Es ist neun Uhr morgens. Ortstermin bei einer 500 Jahre alten Eiche. Der Baum steht an der Straße in einem kleinen Ort. Und das macht ihn zu einem potenziellen Risikofaktor, er könnte umstürzen und jemanden erschlagen. In den kommenden Stunden wird

Claus Mattheck

mit seinem Team untersuchen, ob von dem ehrwürdigen Gewächs eine Gefahr ausgeht.

Die riesige Eiche sieht prächtig aus. Ihren Stamm ziert ein kleines, gerahmtes Dreieck mit einem fliegenden Adler - das Zeichen für ein Naturdenkmal. Darüber erhebt sich eine weit verzweigte Krone, mit einem dichten, grünen Blätterdach. Ihre Äste sind voll belaubt. Der Baum - so scheint es auf den ersten Blick - strotzt vor Lebenskraft. Claus Mattheck, der am Karlsruhe Institut für Technologie (KIT) Biomechanik lehrt ist dennoch skeptisch.

Geflüsterte Warnsignale

Langsam geht er um die Eiche herum und lässt seinen Blick aufmerksam wandern: vom Stamm, zu den Ästen, und wieder zurück zum Stamm. "Die Rinde", sagt er, "ist das erste, sensibelste Flüstern des Baumes."

Hat eine Baum-Haut zum Beispiel viele senkrechte, rissartige Streifen auf der Oberfläche, ist das ein Hinweis darauf, dass dieser Baum sehr stark wächst. "Das ist ähnlich wie bei uns", erklärt Claus Mattheck. "Wenn wir längere Zeit zu viel Essen, bekommen wir die Jacke nicht mehr zu. So ist das bei den Bäumen auch. Ein harmloses Symptom."

Ziehharmonikaartige Rindenfalten dagegen geben Anlass zu Sorge. Denn sie entstehen durch Druck. Zeigt ein Laubbaum unter seinen Ästen solche Rindenstauchungen, dann verliert er an Lebenskraft und seine Äste geben nach.

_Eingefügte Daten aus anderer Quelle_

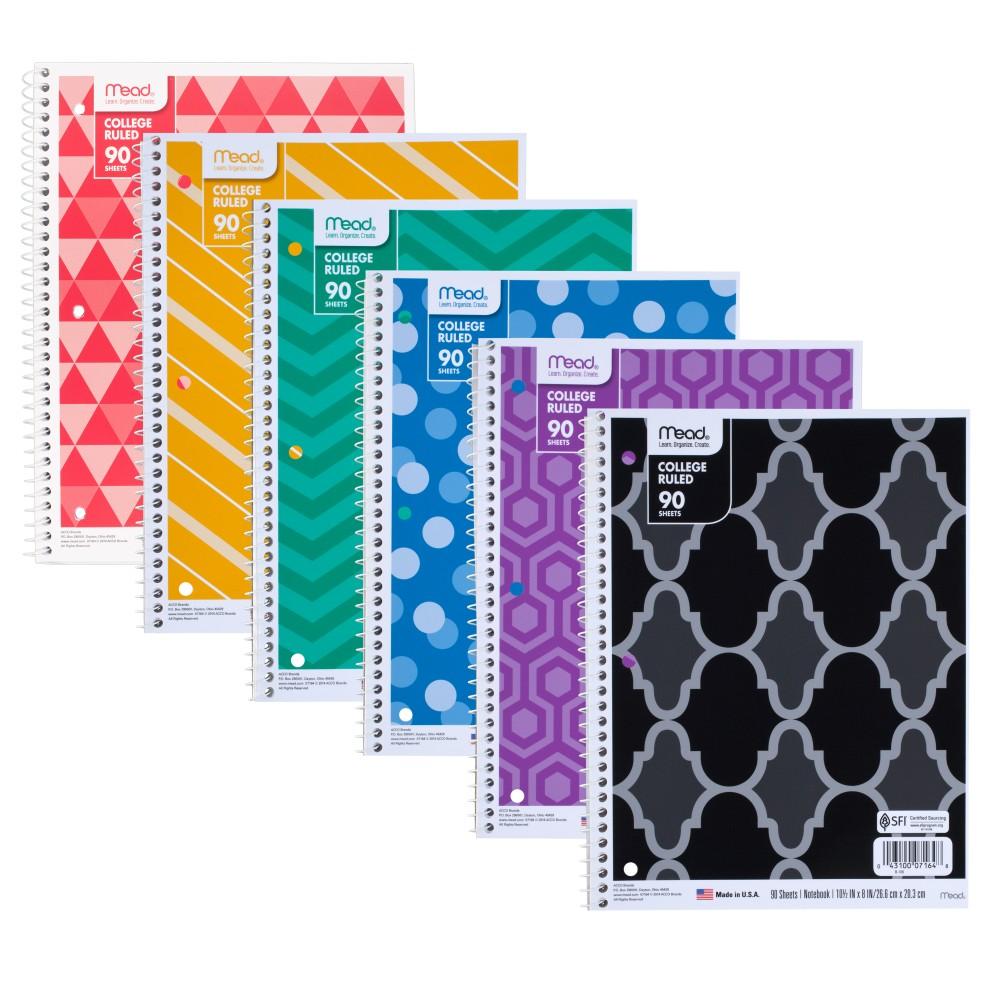 Mead, fashion notebook, notebook, spiral notebook, 1 subject notebook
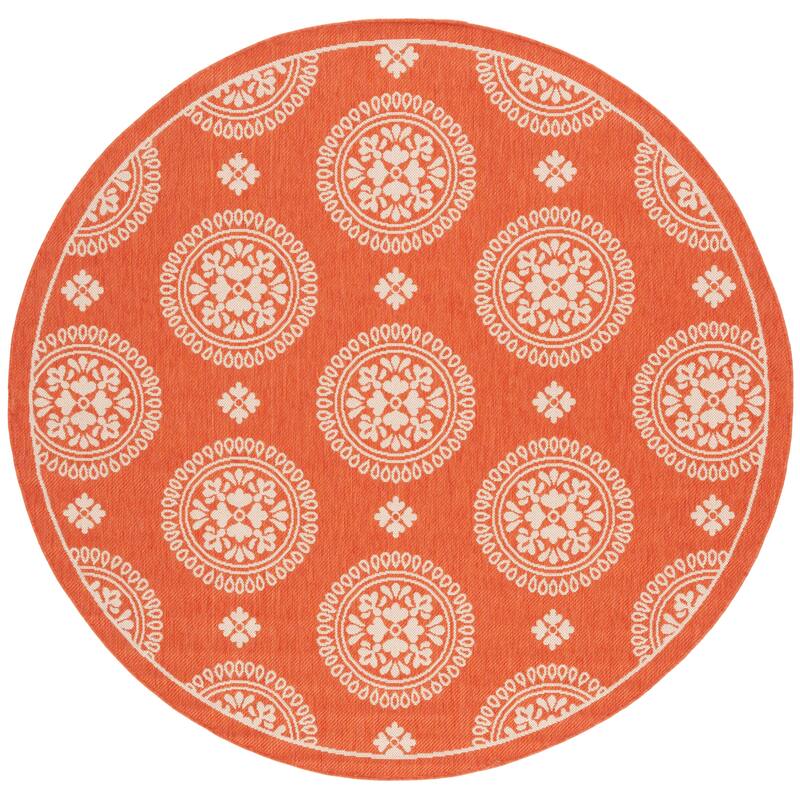 SAFAVIEH Courtyard Dilys Rug - 6'7" Round - Terracotta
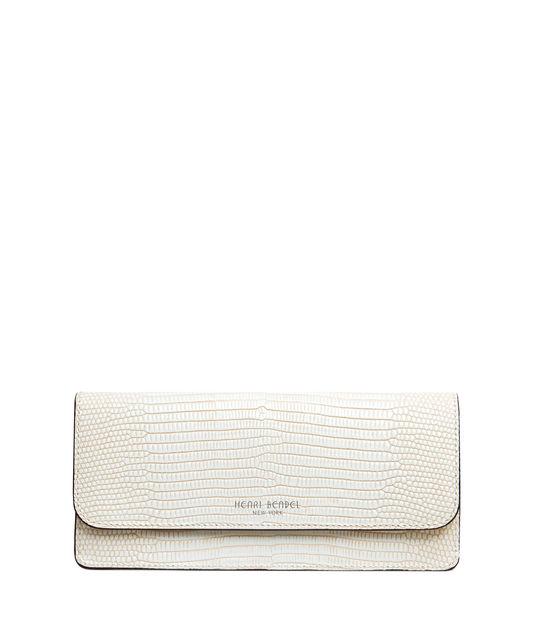 Henri Bendel Dalton Lizard Embossed Long Wallet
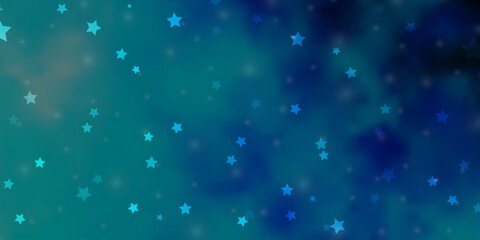 Light BLUE vector background with small and big stars. Shining colorful illustration with small and big stars. Design for your business promotion.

Finden sich Rindenfalten an der Unterseite eines schiefen Baumes, liegt der Verdacht nahe, dass er immer weiter absinkt. Eine Vermutung, die sich bestätigt, wenn auf der gegenüberliegenden Stammseite auch noch die Rinde abplatzt. Denn dies ist ein Zeichen dafür, dass sich der Baum durchs Absinken dort übermäßig dehnt.

Das Geheimnis des Baumwachstums

Die Körpersprache der Bäume beruht auf einem verblüffend einfachen Prinzip. Claus Mattheck nennt es den Grundsatz konstanter Spannung. "Der Baum will eine gleichmäßige Lastverteilung an seiner Oberfläche", erklärt er. "Und wo die gestört wird, verdickt der Baum seine Jahresringe - bis die erhöhte Spannung wieder ausgeglichen ist." Hohe Belastungen können zum Beispiel durch starke Winde oder weggetragene Böden entstehen, aber auch durch Verletzungen und Krankheiten.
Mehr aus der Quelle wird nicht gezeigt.